After clearing this problem we left for Skopje's sport airfield Stenkovec where my friends were already waiting for me to arrive for the first time with Mooney. Stenkovec is only about 10 minutes flight away from LWSK. They have a grass runway of a very good quality and therefore landing there with retractable gear was no problem.
Immediately my Mooney got new nick name in the style of Macedonian language - Munjot.
I had to work until late evening and only after 21:00 we were able to gather together again in one restaurant.
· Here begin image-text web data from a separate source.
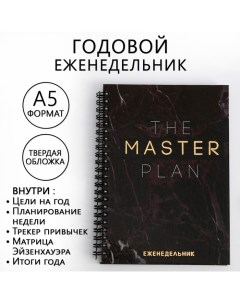 Еженедельник The Master Plan А5 86 листов твердая обложка с тиснением Artfox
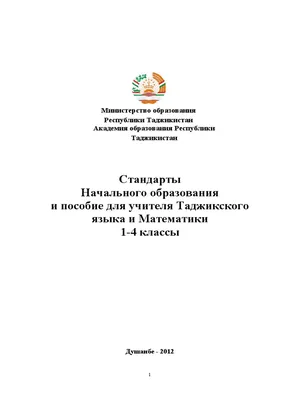 КАКОВЫ ОБЯЗАННОСТИ МУЖЧИНЫ В СЕМЬЕ? - Официальный сайт Духовного управления  мусульман Казахстана картинки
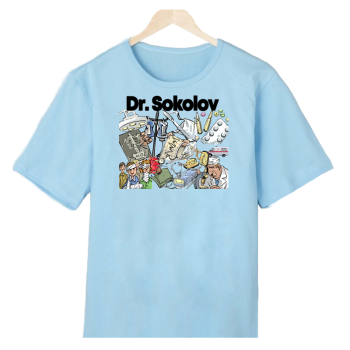 Футболка «Медработник в деле»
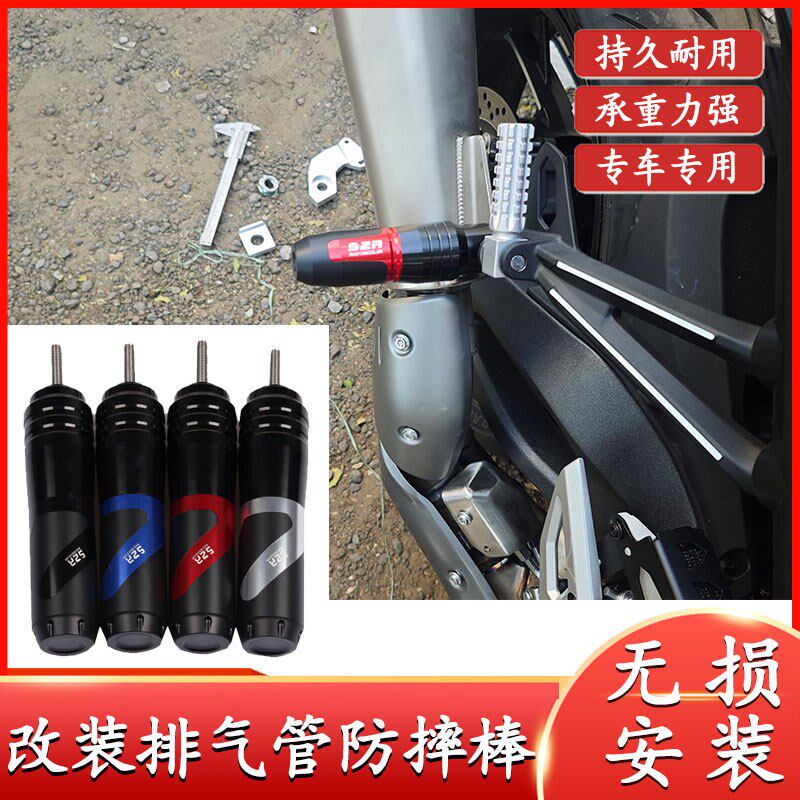 适用于光阳KS125 改装排气管防摔棒胶发动机保护球前轮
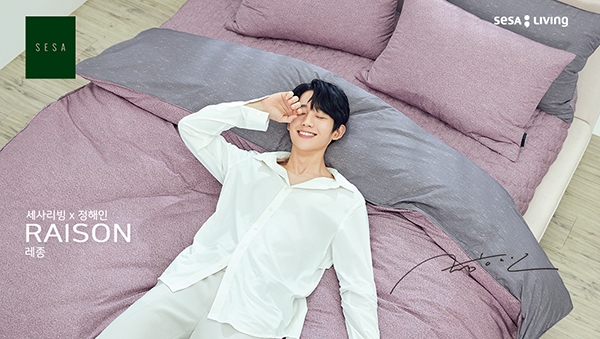 세사ㆍ세사리빙, 2020 F/W 신제품 출시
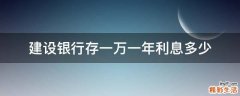 建设银行存一万一年利息多少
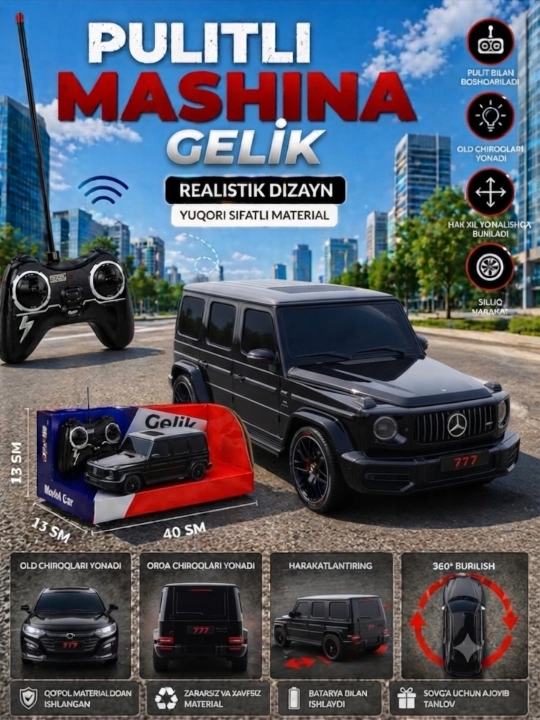 Детские электромобили Gentra, Malibu 2, Urus с дистанционным управлением - 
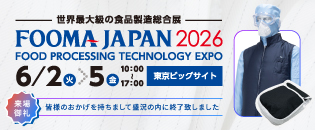FOOMA JAPAN 2026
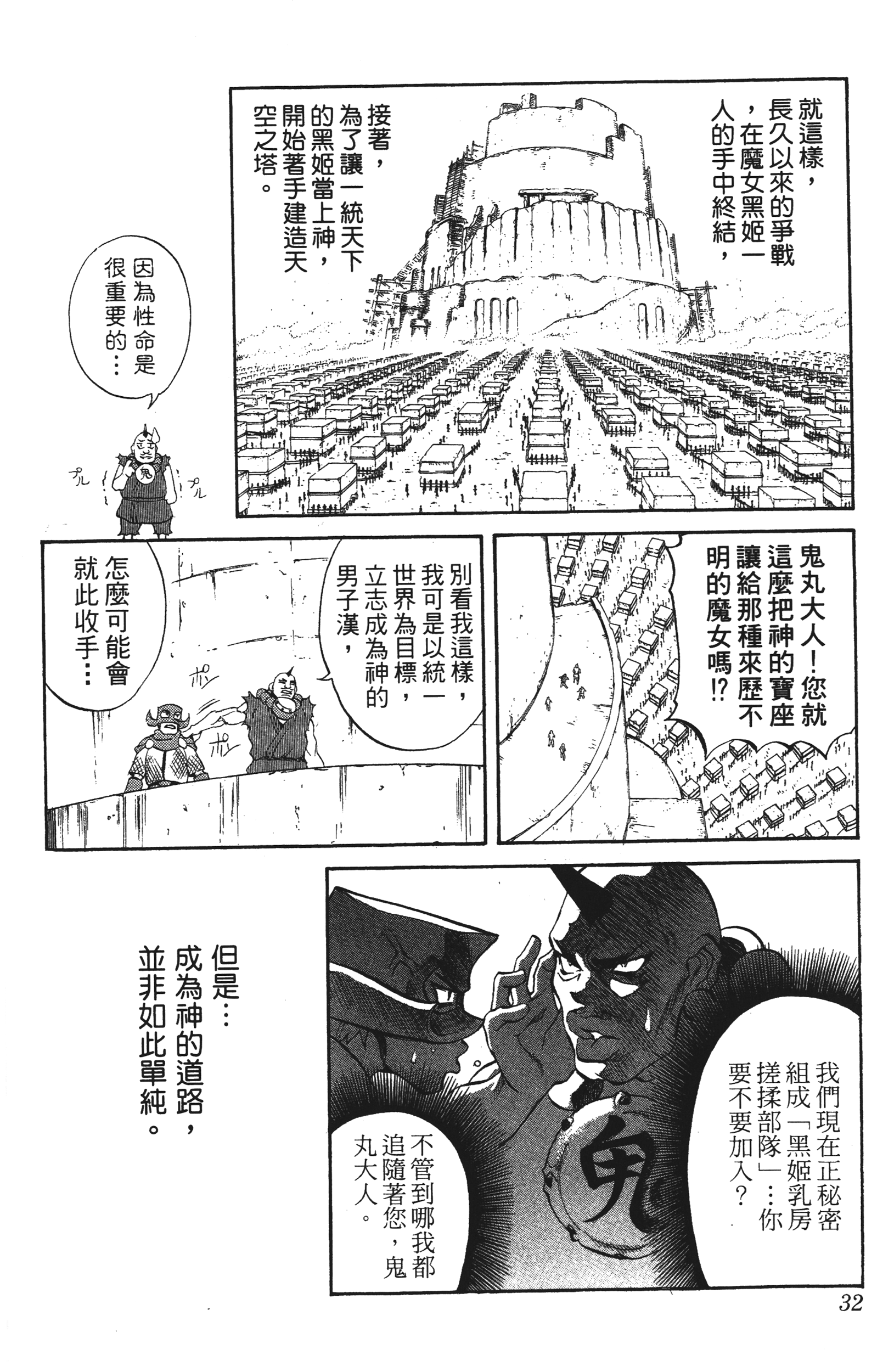 Page 32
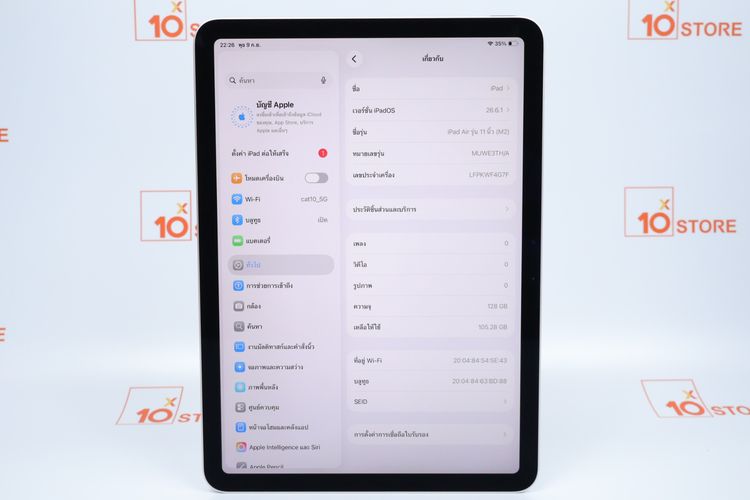 iPad Air M2 11" 128GB WiFi  รูปที่ 3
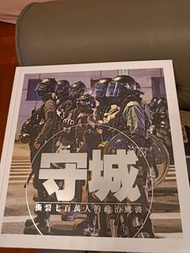 守城 政治書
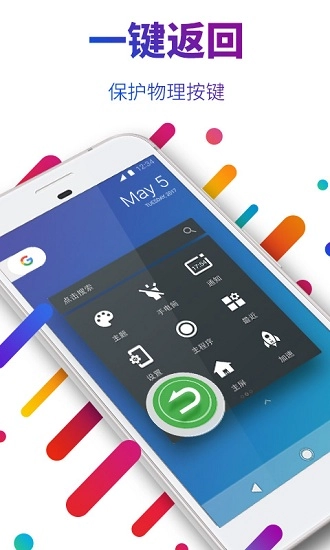 easytouch通用版图1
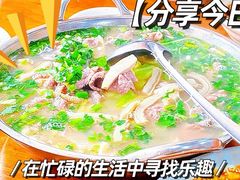 -杨三娘跷脚牛肉(羊子山西路店)
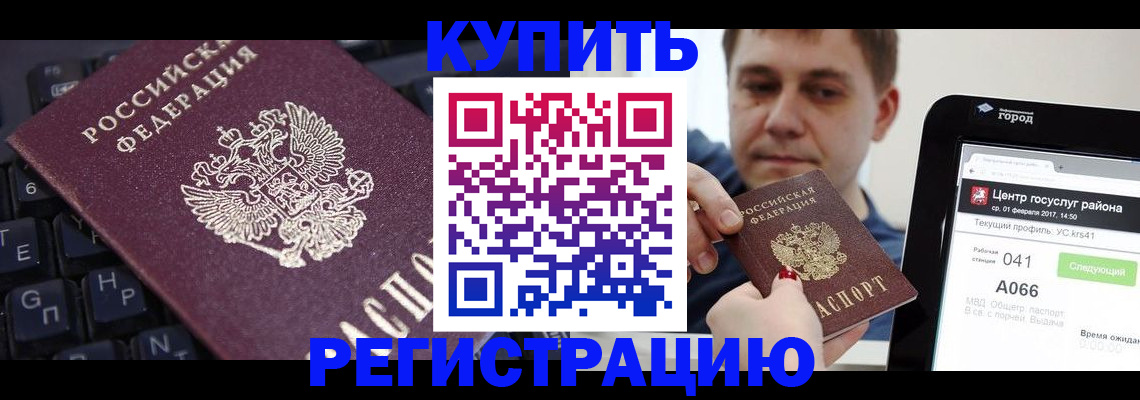 прописка в квартире в Удачном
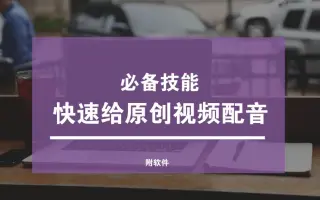 十分简单，三步轻松给自媒体原创短视频配音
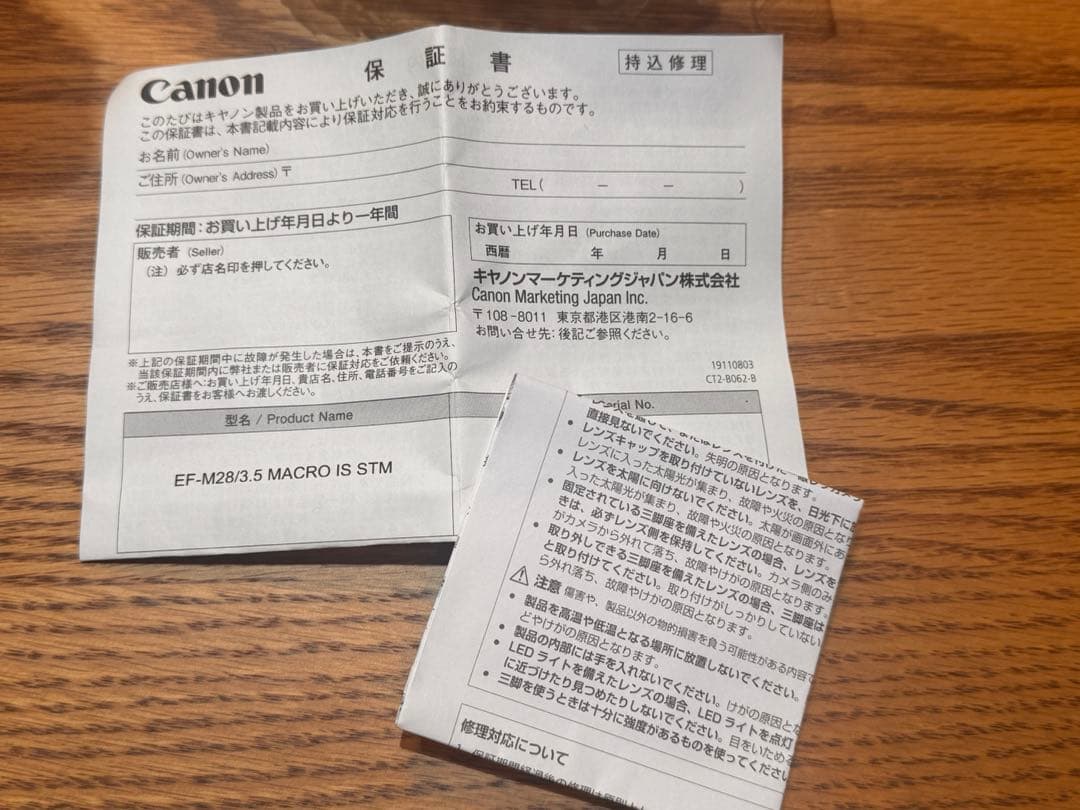 EF-M 28mm f/3.5 マクロ IS STM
It was a great time to chat with my Macedonian colleagues and drink excellent Macedonian wine "T'GA ZA JUG".
Next morning I had to work until approximately 12 hours and then I returned to hotel where my friend Jernej Bizjak, also a pilot, was already waiting for me. We went to Stenkovec and after having a real black (Turkish) coffee we departed to LWSK for border control and refueling. The landing fee at LWSK was quite expensive - 45 EUR. Before TAV took the LWSK airport it was only about 25 EUR. The price of the AVGAS was 1,95 EUR/liter.
The flight plan for returning home was slightly different. Instead of flying over Bosnia we stayed at the cost of Adriatic Sea and crossed Dubrovnik, Split and Zadar and the turned inbound to DOL. The last 7 minutes of flight were in night conditions and this was my first night landing with Mooney at Ljubljana airport (LJLJ). The flight back took 3:28. A strong "jugo" - a south west wind was expected to blow along Adriatic coast but unfortunately the forecast was wrong and we had a head wind.